En proie à d’importantes difficultés depuis de nombreuses années, la SOMELEC continue de se débattre et d’être plombée par une gestion laxiste. En plus, plusieurs comptes de caisse présentent au 31/12/2019 des soldes anormalement créditeurs non régularisés.
Dans ses observations, la Cour estime que la société n’a jamais procédé à l’inventaire physique de ses immobilisations. « Cela ne permet pas de s’assurer de la fiabilité et de la sincérité de ses états financiers », peut-on y lire.
À propos de la gestion commerciale, il est observé un cumul important d’arriérés. Il est à souligner que le stock mort objet de l’observation n’a pas été mouvementé depuis des années, voire des décennies. Il s’agit de pièces de rechange pour certains groupes plus utilisés par la SOMELEC. Ce qui ne permet pas de refléter l’image fidèle de la situation patrimoniale de la Société. Le constat est accablant, la SOMELEC est plombée par un surendettement et une réalisation faible des objectifs.
Comble de l’ironie, la SOMELEC fait preuve de négligence criante dans plusieurs domaines, notamment dans la gestion du personnel (effectif total de 2 287 membres dont personnel permanent : 704 ; personnel temporaire : 1 178 ; sous-traitance : 405 agents) et la gestion approximative des hydrocarbures.

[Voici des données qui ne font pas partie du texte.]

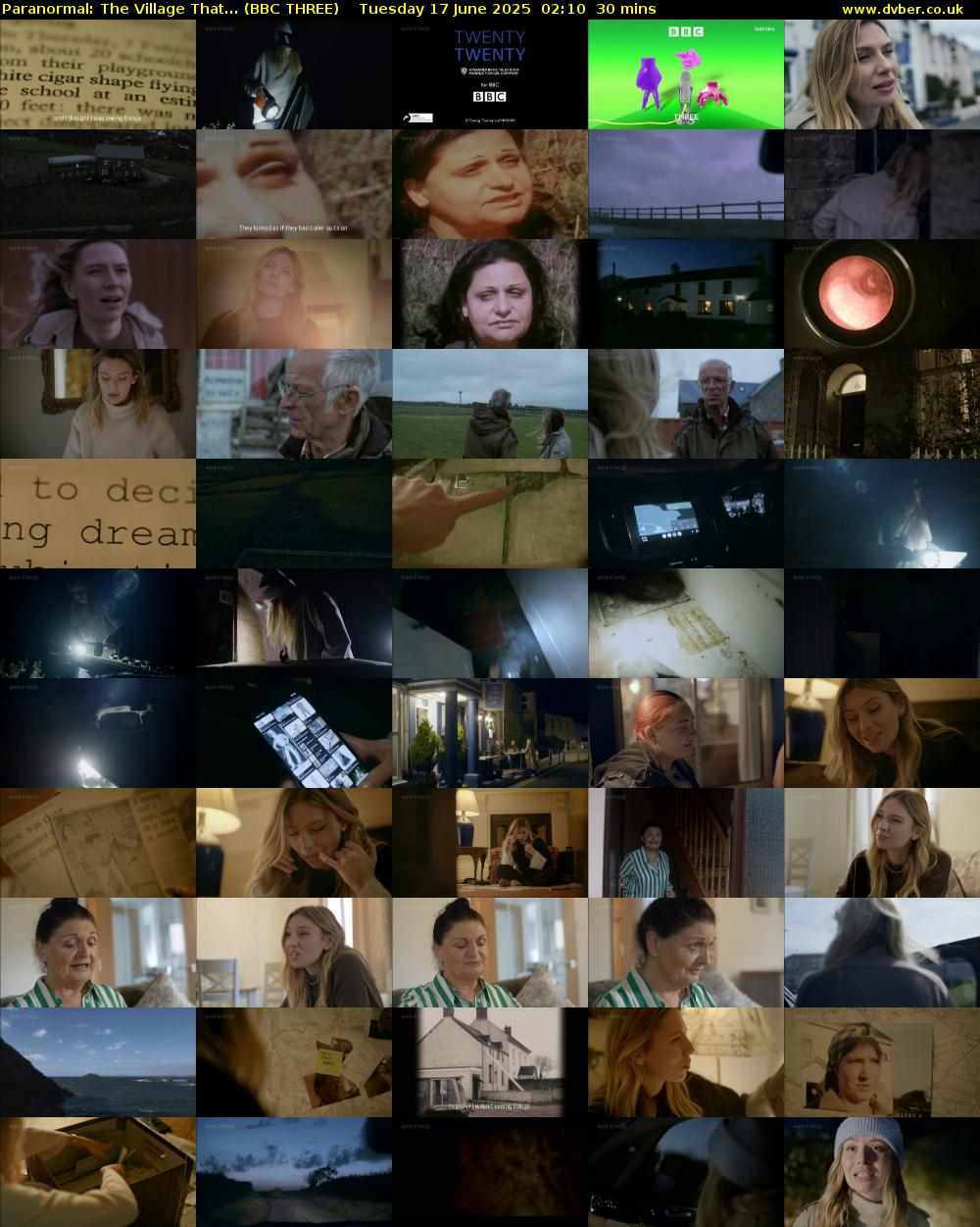 Paranormal: The Village That... (BBC THREE) Tuesday 17 June 2025 02:10 - 02:40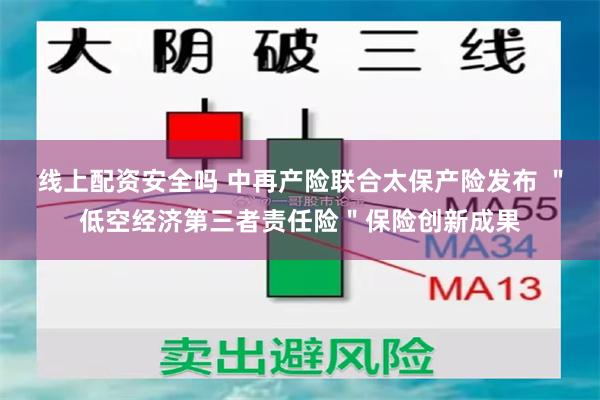 线上配资安全吗 中再产险联合太保产险发布 ＂低空经济第三者责任险＂保险创新成果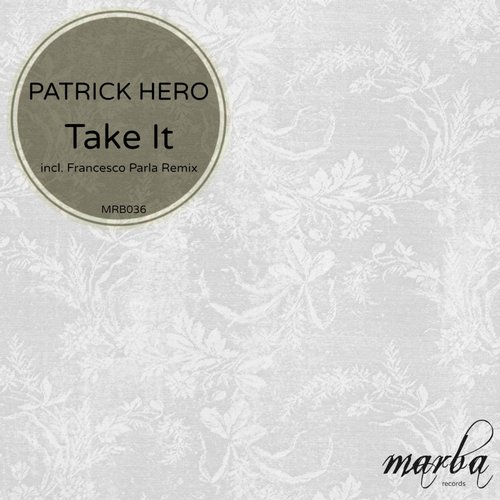 Patrick Hero – Take It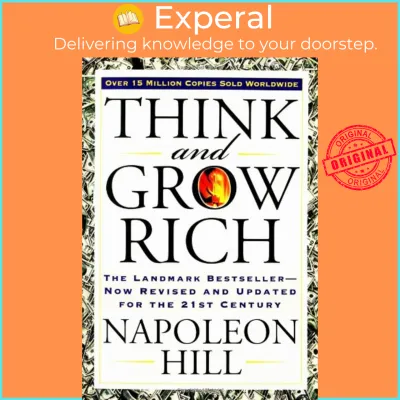 Think and Grow Rich : The Landmark Bestseller Now Revised and Updated for the 2 by Napoleon Hill (US edition paperback)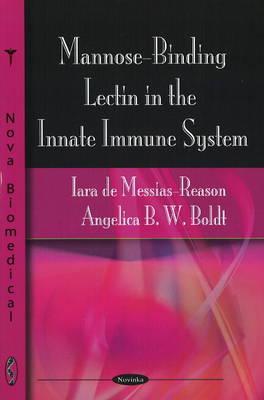 Mannose-Binding Lectin in the Innate Immune System - Messias-Reason, Iara de, and Boldt, Angelica B W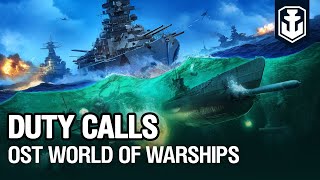 OST World of Warships — Duty Calls [upl. by Orling269]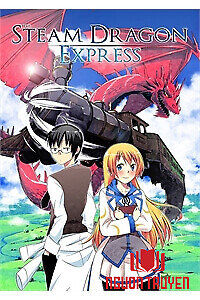 The Steam Dragon Express Other - The Steam Dragon Express Other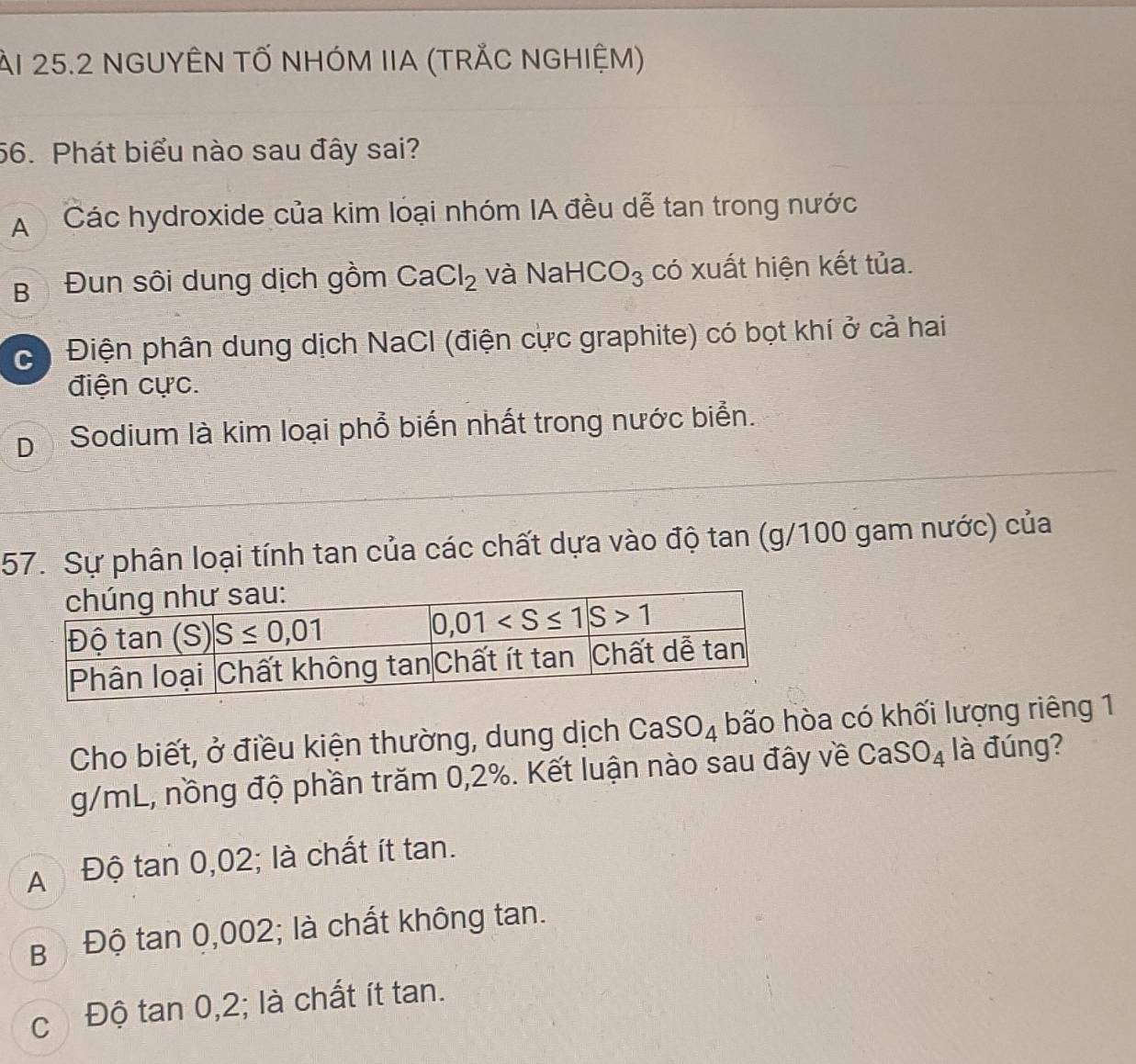 àI 25.2 NGUYÊN TỐ NHÓM IIA (TRẢC NGHIỆM)
56. Phát biểu nào sau đây sai?
A  Các hydroxide của kim loại nhóm IA đều dễ tan trong nước
B Đun sôi dung dịch gồm CaCl_2 và Nah -ICO_3 có xuất hiện kết tủa.
c) Điện phân dung dịch NaCl (điện cực graphite) có bọt khí ở cả hai
điện cực.
D Sodium là kim loại phổ biến nhất trong nước biển.
57. Sự phân loại tính tan của các chất dựa vào độ tan (g/100 gam nước) của
Cho biết, ở điều kiện thường, dung dịch CaSO_4 bão hòa có khối lượng riêng 1
g/mL, nồng độ phần trăm 0,2%. Kết luận nào sau đây về CaSO_4 là đúng?
A Độ tan 0,02; là chất ít tan.
B ộ Độ tan 0,002; là chất không tan.
cĐộ tan 0,2; là chất ít tan.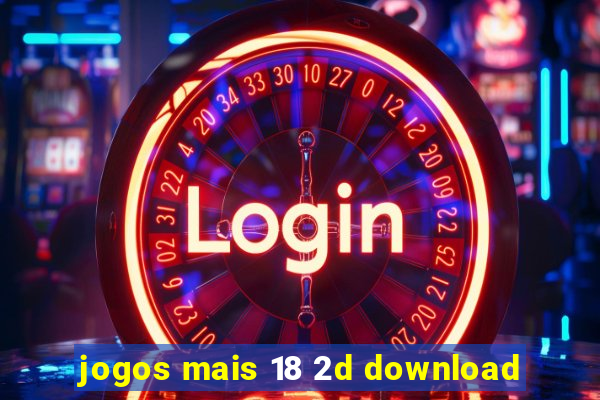 jogos mais 18 2d download
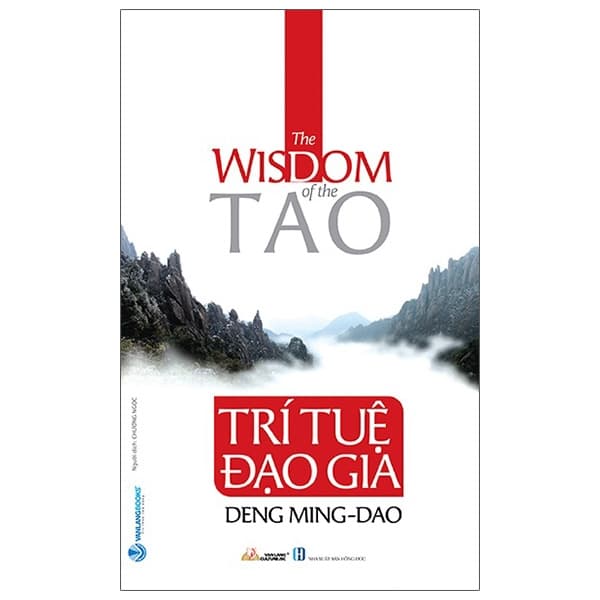 Sách Trí Tuệ Đạo Gia - The Wisdom Of The Tao - Deng Ming Dao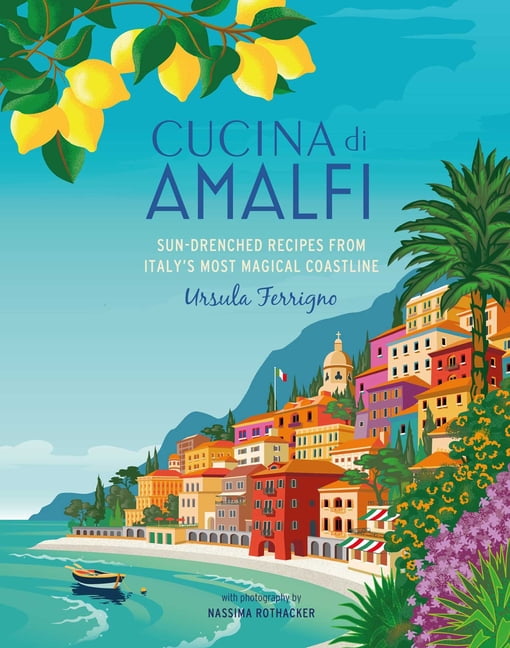Ursula Ferrigno's Cookbooks Cucina Di Amalfi: Sun-Drenched Recipes from Southern Italy's Most Magical Coastline, (Hardcover)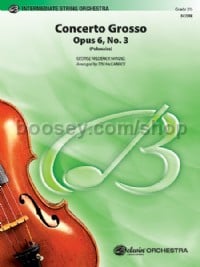 Concerto Grosso, Opus 6, No. 3 (Polonaise) (String Orchestra Conductor Score)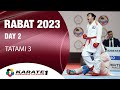 Karate1 RABAT | Day 2 – Tatami 3 | WORLD KARATE FEDERATION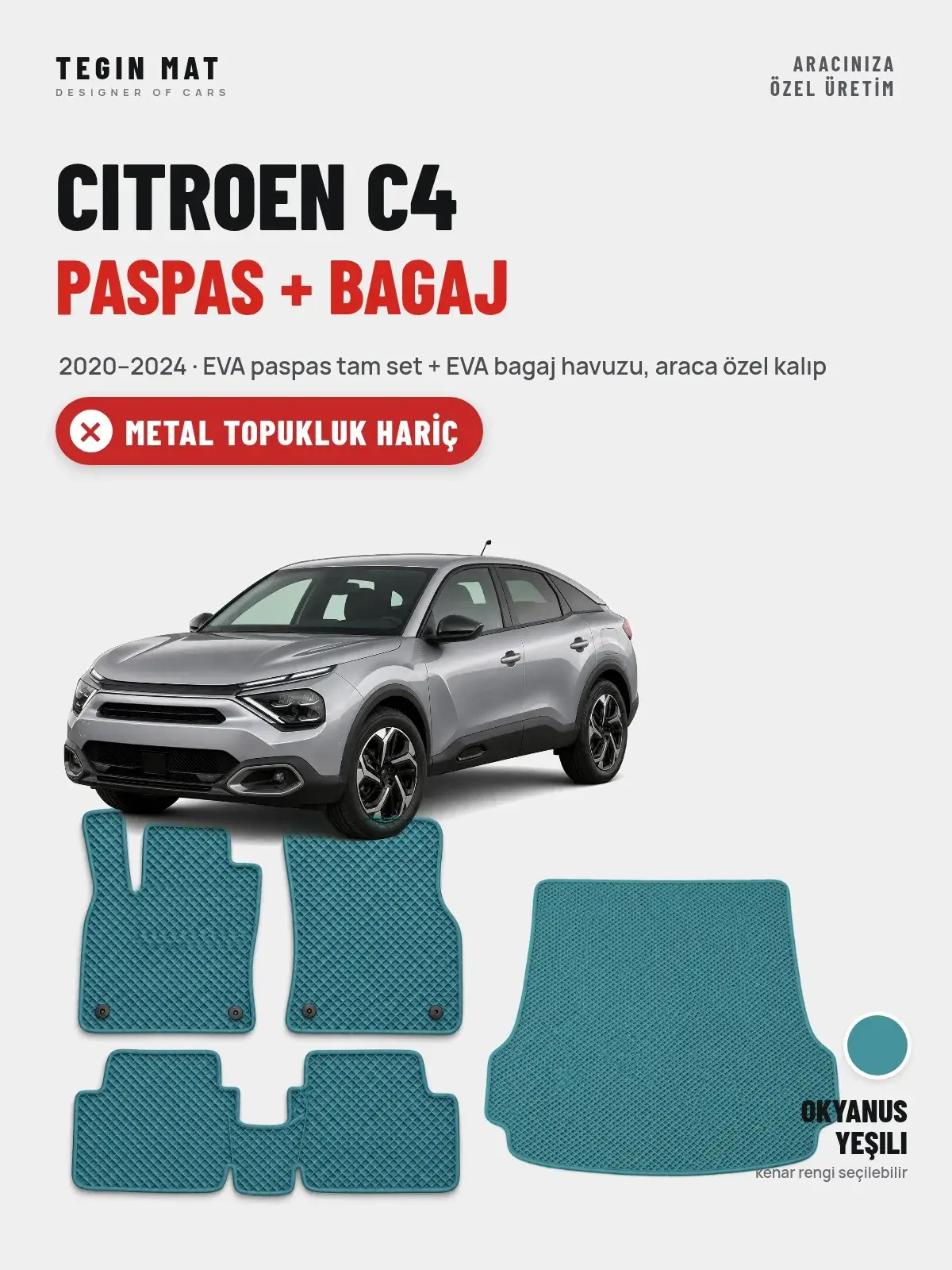 Citroen C4 EVA Paspas + Bagaj Havuzu Seti (2020–2024) Okyanus Yeşili – Metal Topukluk Hariç (1)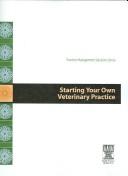 Starting your own veterinary practice /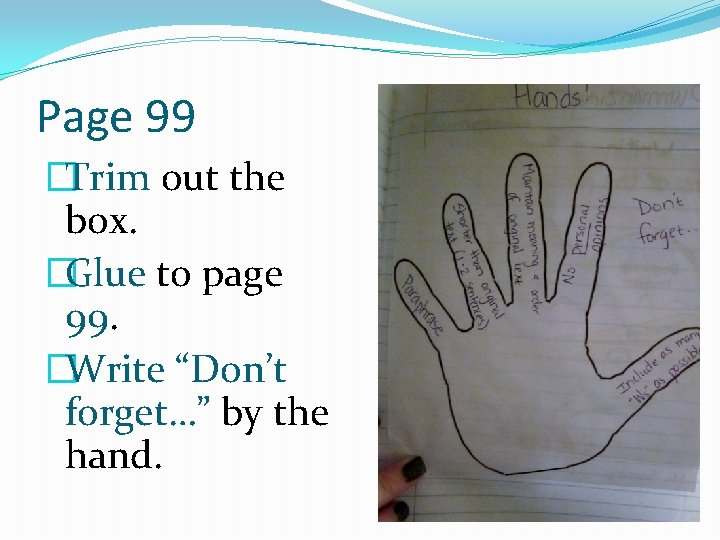Page 99 �Trim out the box. �Glue to page 99. �Write “Don’t forget…” by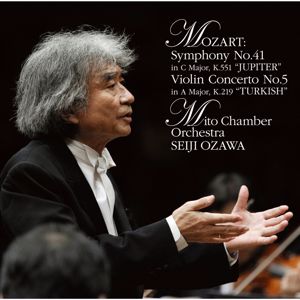Seiji Ozawa: Mozart:Symphony No.41 "Jupiter",Violin  Concerto No.5 "Turkish"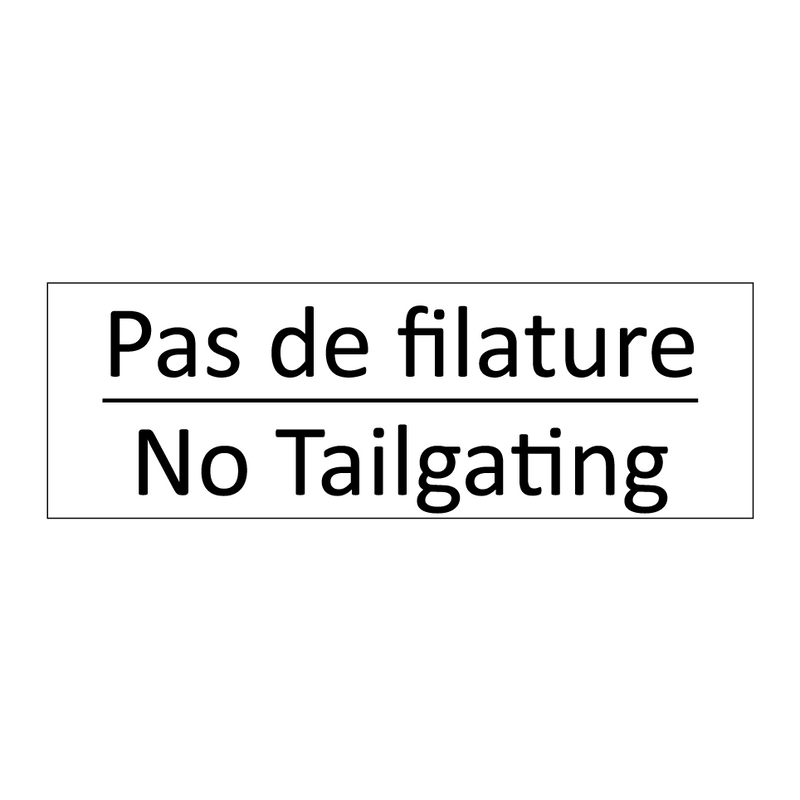Pas de filature - No Tailgating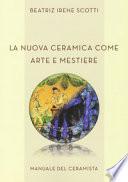La nuova ceramica come arte e mestiere. Manuale del ceramista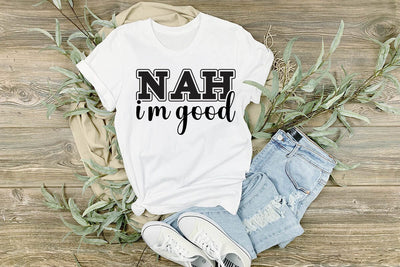 Nah Im Good SVG Angelina750 
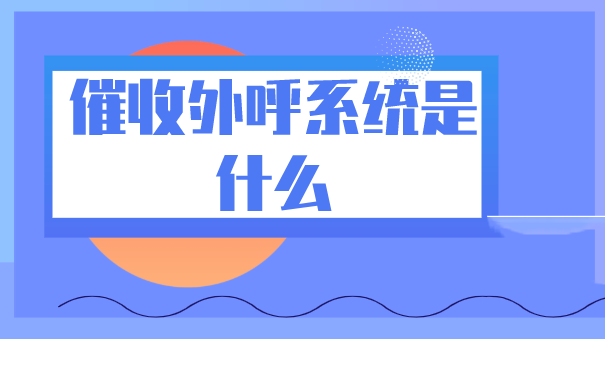 催收外呼系统是什么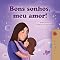 Livro Bons sonhos, meu amor!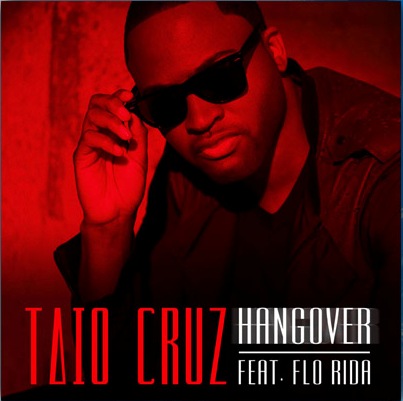 Taio Cruz - Hangover ft. Flo Rida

Anomalies constatées dans la tenue de certains comptes de trésorerie
Les états de rapprochements bancaires au 31/03/2020 font apparaître des suspens qui datent de plusieurs années, pour un montant de 2 324 395 549.67 MRU. En outre, certains comptes de banque font apparaître des soldes anormalement créditeurs au 31/12/2018 et au 31/12/2019.
En plus, des comptes de caisse présentent au 31/12/2019 des soldes anormalement créditeurs non régularisés. En outre, des comptes de virements de fonds (comptes 58) représentent des soldes anormalement débiteurs et créditeurs au 31/12/2018 et au 31/12/2019.
Insuffisances du système de contrôle interne
Plusieurs insuffisances ont été constatées dans le système de contrôle interne. Elles sont afférentes essentiellement au système informatique COBOL qui remonte aux années 80. En effet, il ne permet pas une édition des données d’une manière efficace et souffre également d’une absence de politique de sécurité.
Il a été constaté aussi que les compteurs électroniques récemment acquis sont stockés dans un espace à ciel ouvert et sablonneux et sont, par conséquent, exposés à divers risques. En outre, certains appareils de comptage installés dans les centrales d’alimentation en hydrocarbures sont en panne, notamment la cuve de capacité de 7 TM à la centrale d’Arafat réservé à la dotation des camions et citernes et au ravitaillement du Port de Tanit.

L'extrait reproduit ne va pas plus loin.